(Description of the task): Output, exactly as written, the lines below from the one that has "Chanel Baguette Crystal" through the one that has "American retro bedroom"; nothing else, and no pictures.

(Information):

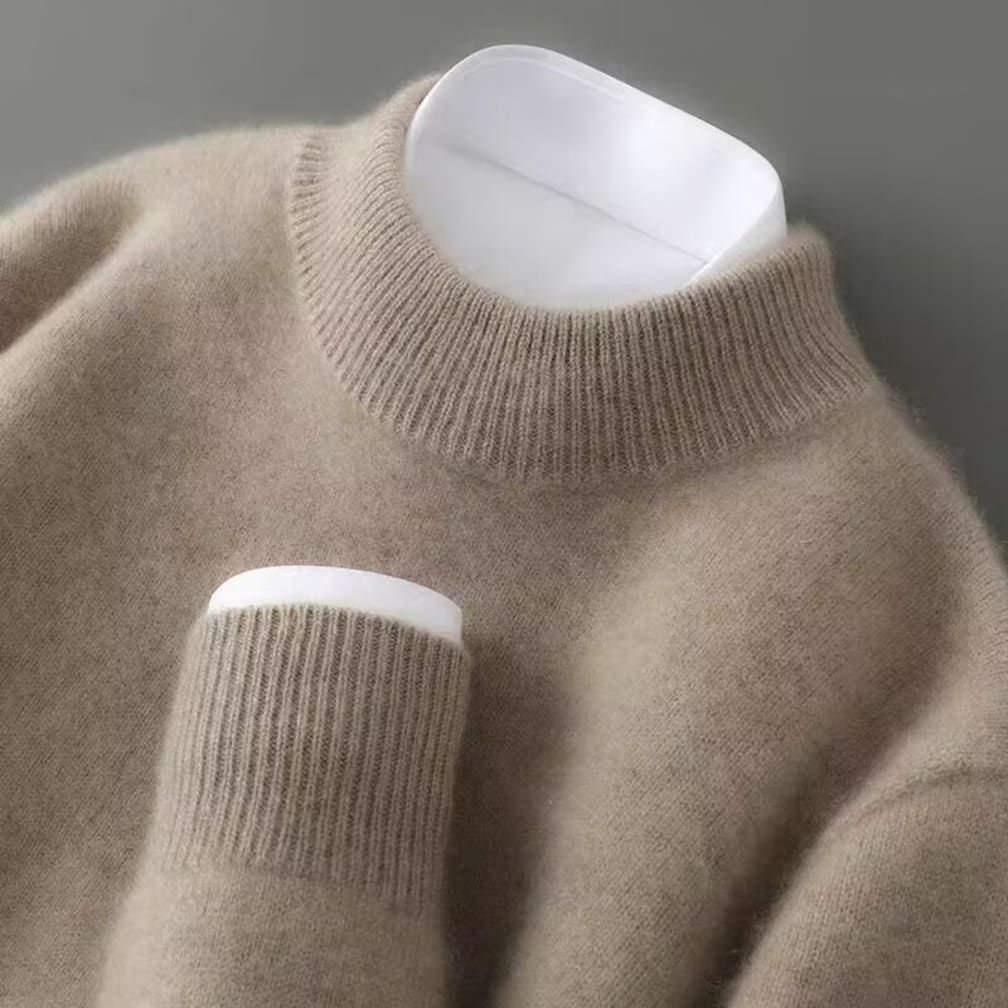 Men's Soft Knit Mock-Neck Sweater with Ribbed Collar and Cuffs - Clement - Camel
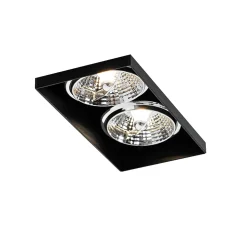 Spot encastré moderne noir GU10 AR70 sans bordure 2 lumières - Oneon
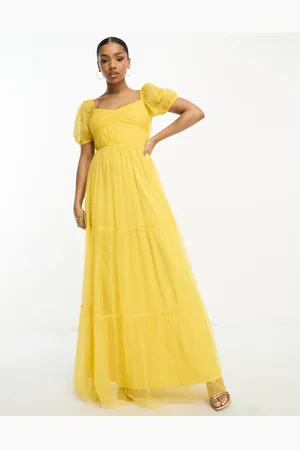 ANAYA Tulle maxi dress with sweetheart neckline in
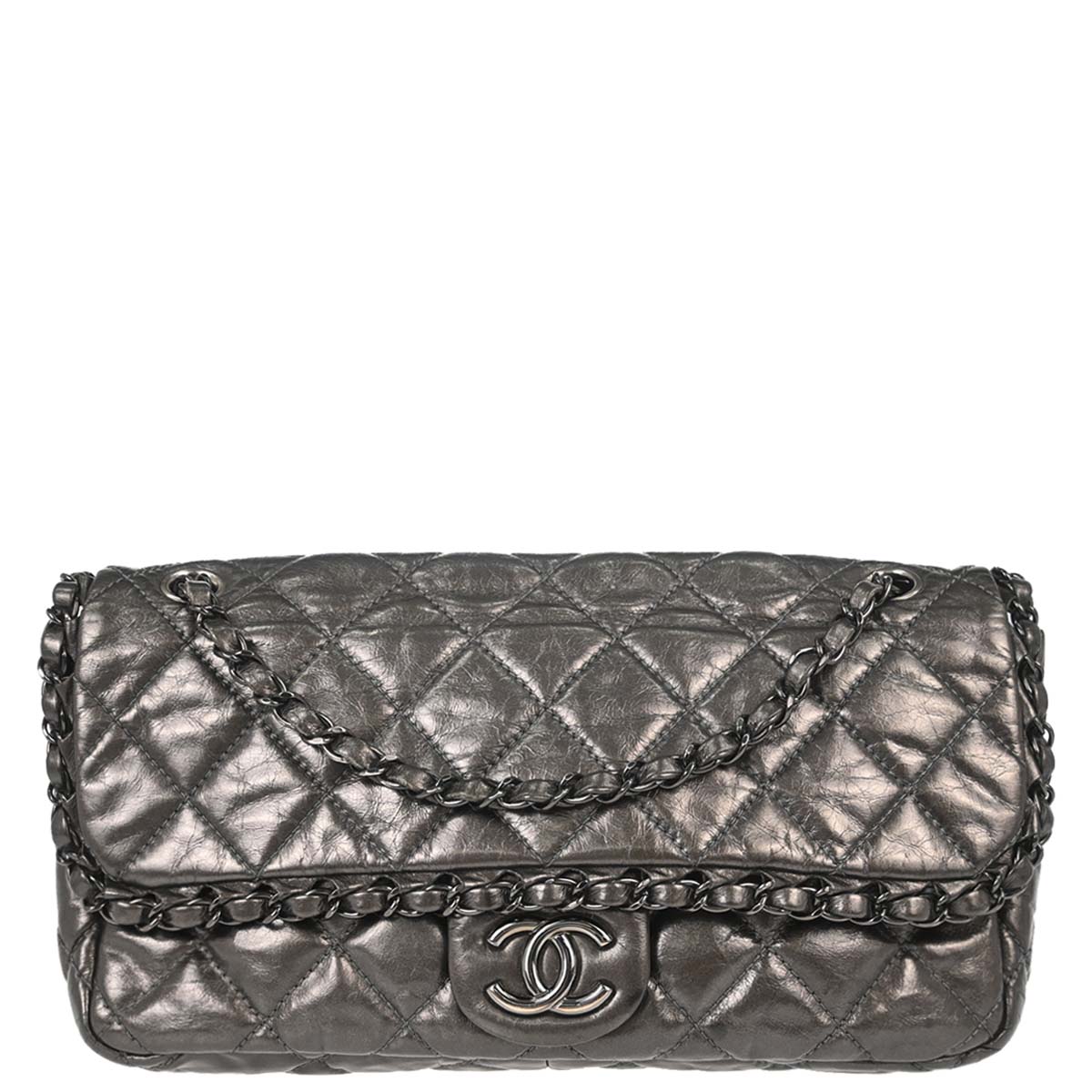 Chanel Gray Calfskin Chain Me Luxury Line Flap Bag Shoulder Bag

--

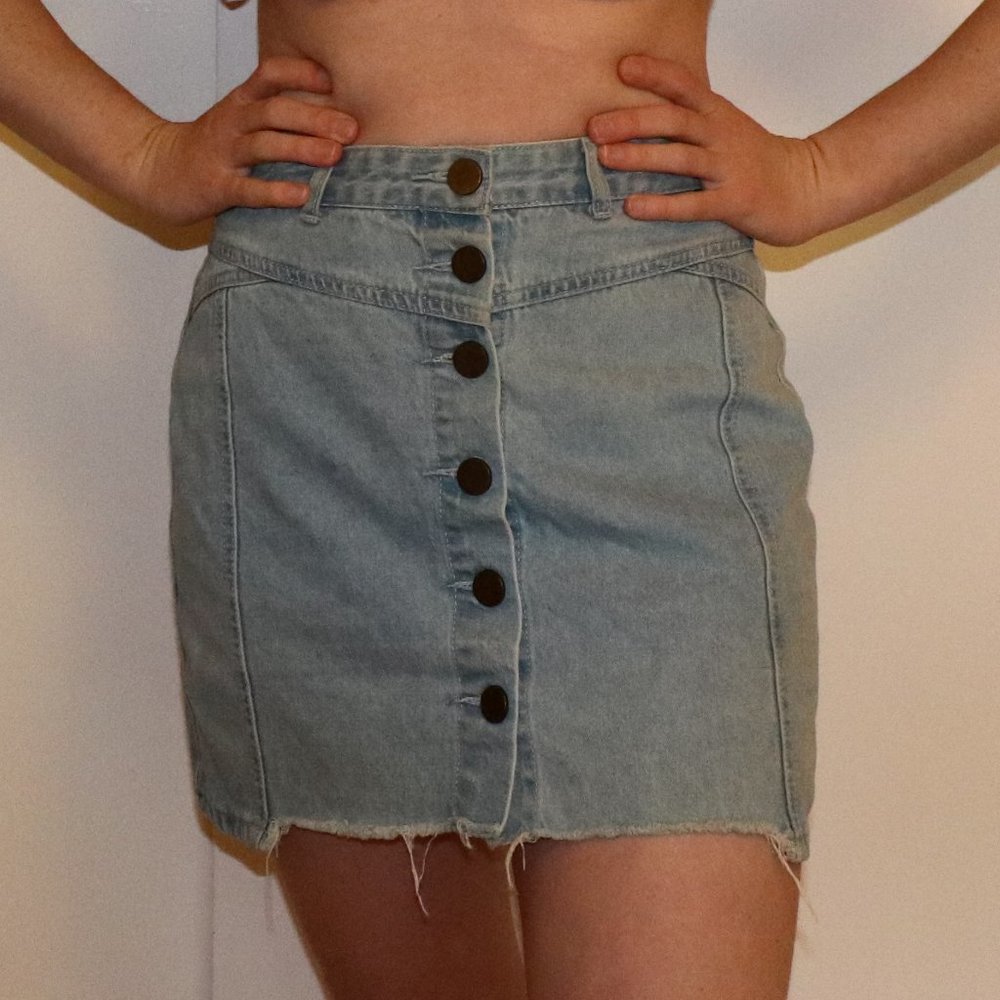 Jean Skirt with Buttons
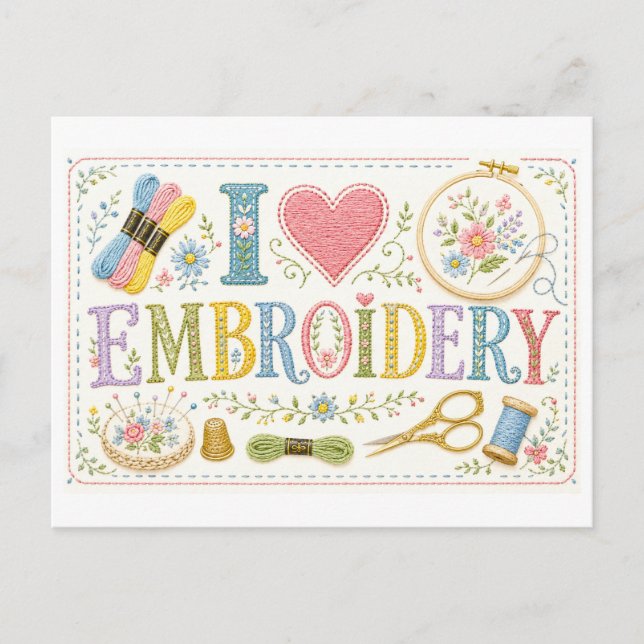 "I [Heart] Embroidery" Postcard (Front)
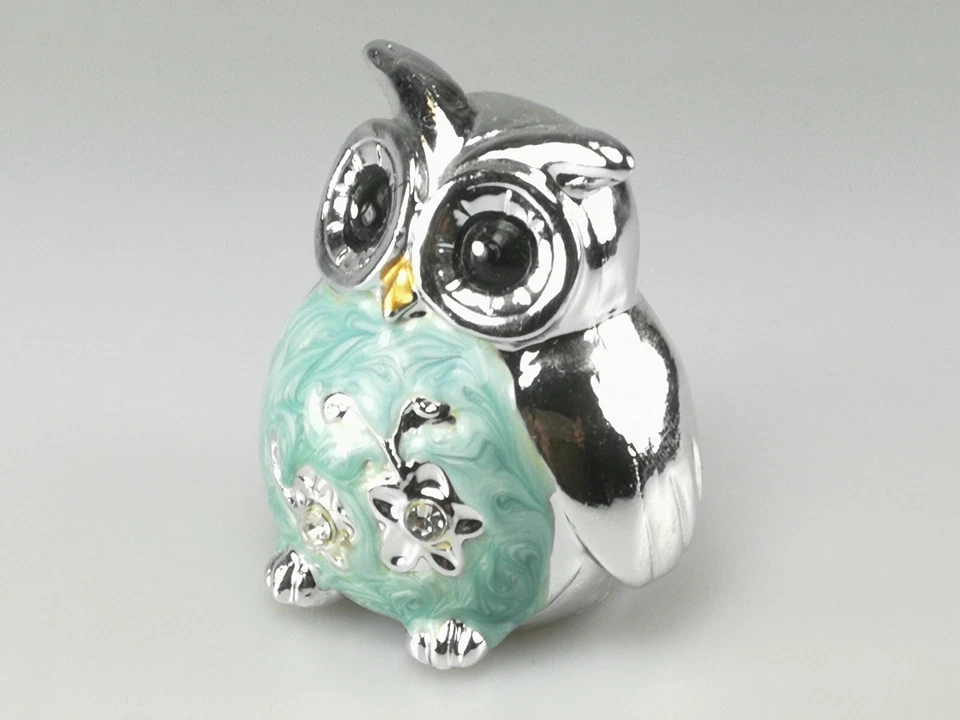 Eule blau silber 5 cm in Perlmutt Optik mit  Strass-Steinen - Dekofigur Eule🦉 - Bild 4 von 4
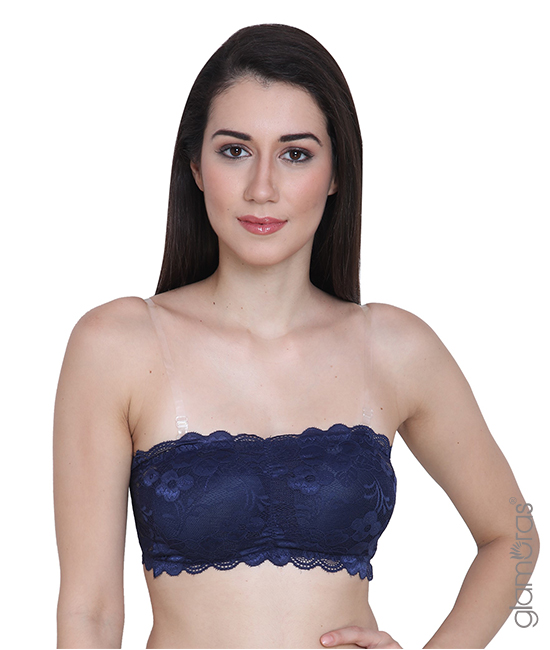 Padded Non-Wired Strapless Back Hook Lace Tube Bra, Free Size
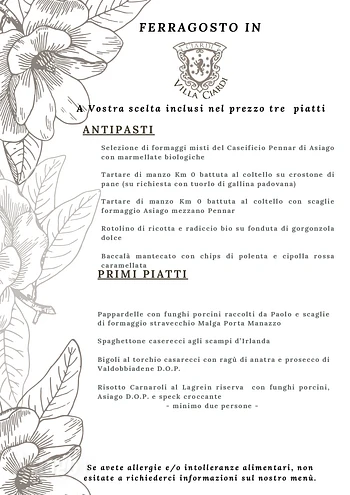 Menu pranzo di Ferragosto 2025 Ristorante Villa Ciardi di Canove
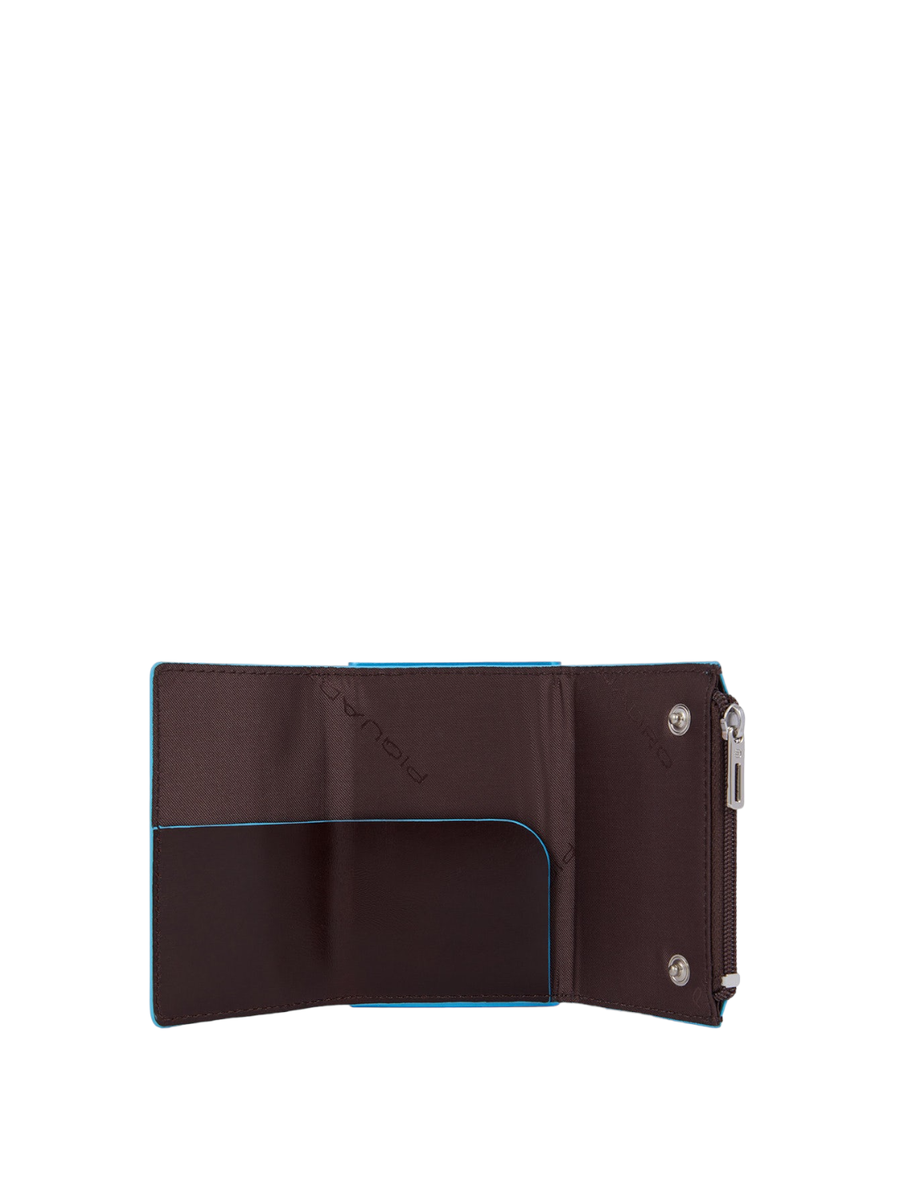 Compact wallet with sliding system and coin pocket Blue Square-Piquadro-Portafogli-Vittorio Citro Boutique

--

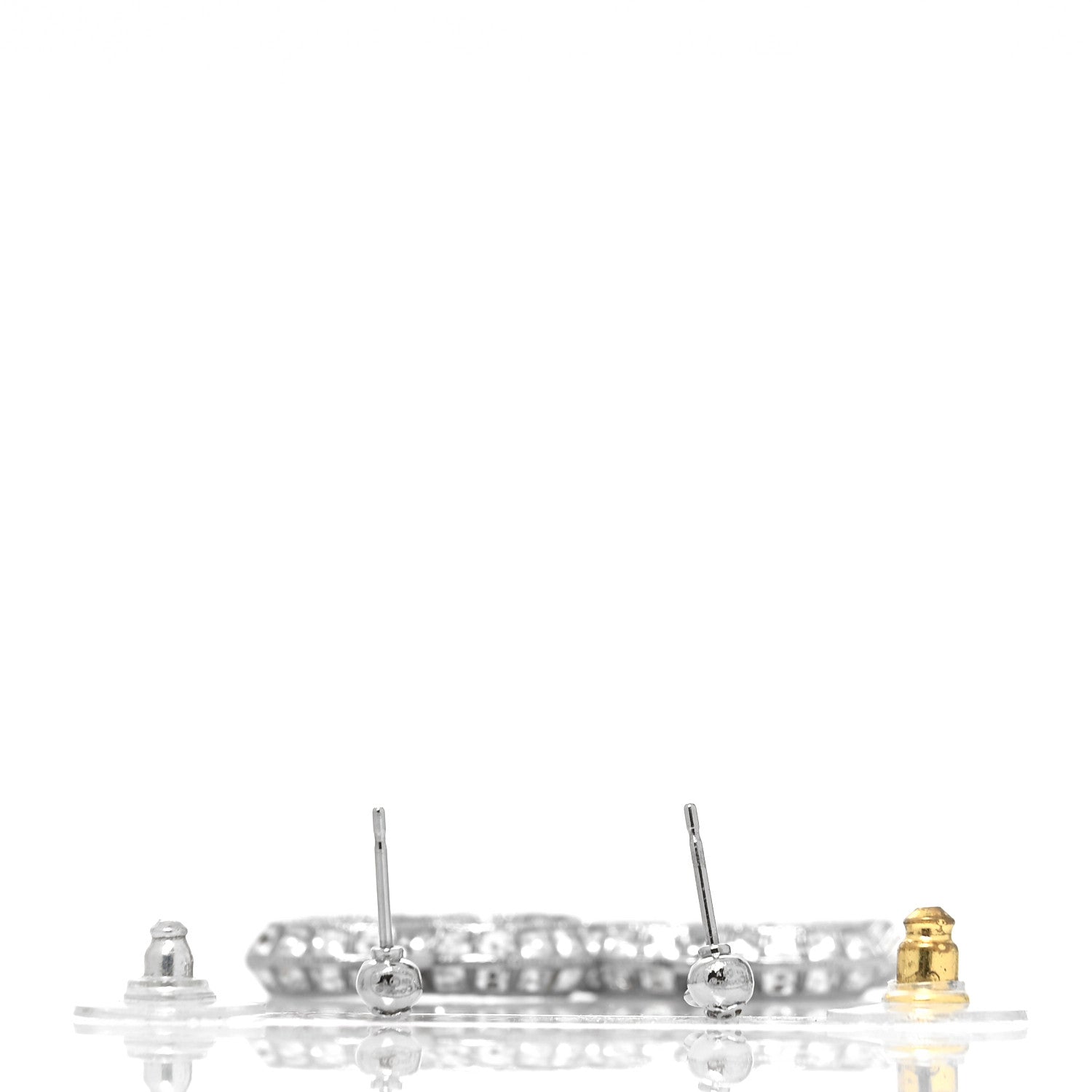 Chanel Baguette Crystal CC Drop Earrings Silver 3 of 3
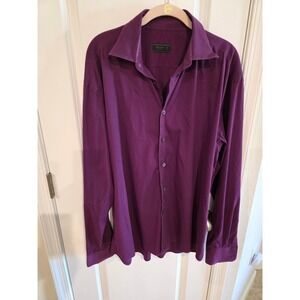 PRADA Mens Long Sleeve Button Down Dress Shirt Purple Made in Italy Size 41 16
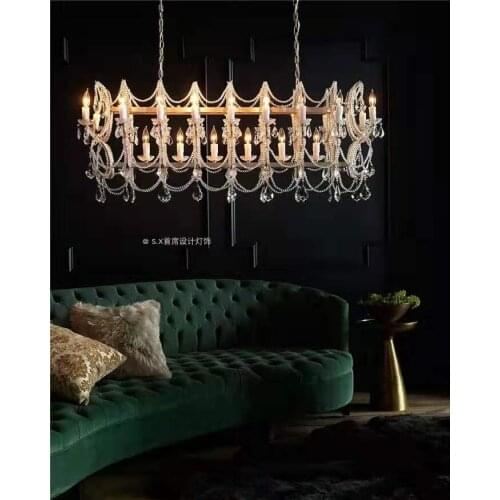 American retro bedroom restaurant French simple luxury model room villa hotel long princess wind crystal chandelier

(Exercise output):
 Chanel Baguette Crystal CC Drop Earrings Silver 3 of 3
 PRADA Mens Long Sleeve Button Down Dress Shirt Purple Made in Italy Size 41 16
 American retro bedroom restaurant French simple luxury model room villa hotel long princess wind crystal chandelier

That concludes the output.